__YOUR TASK__
Pictures aside, reproduce exactly and only the lines below, starting at the one containing "Příkrm masozeleninový bio Babydream" and ending at the last line.

__EXERCISE DATA__
"""
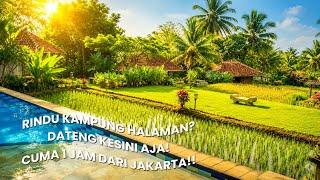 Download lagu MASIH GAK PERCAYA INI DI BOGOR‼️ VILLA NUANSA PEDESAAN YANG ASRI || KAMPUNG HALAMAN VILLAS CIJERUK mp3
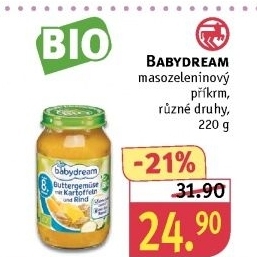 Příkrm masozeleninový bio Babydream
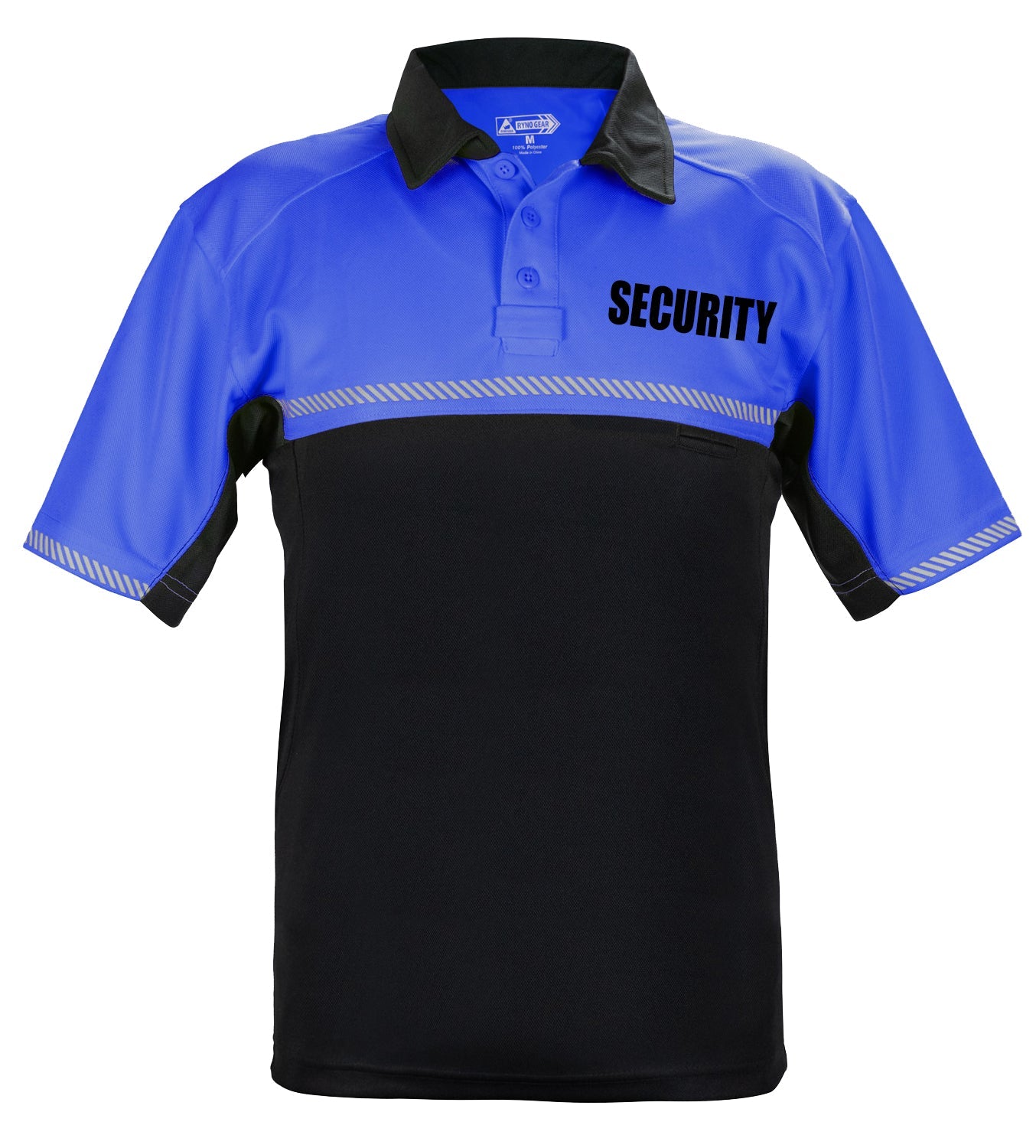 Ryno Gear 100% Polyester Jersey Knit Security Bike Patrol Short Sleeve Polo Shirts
"""
__ANSWER BELOW__
 Příkrm masozeleninový bio Babydream
 Ryno Gear 100% Polyester Jersey Knit Security Bike Patrol Short Sleeve Polo Shirts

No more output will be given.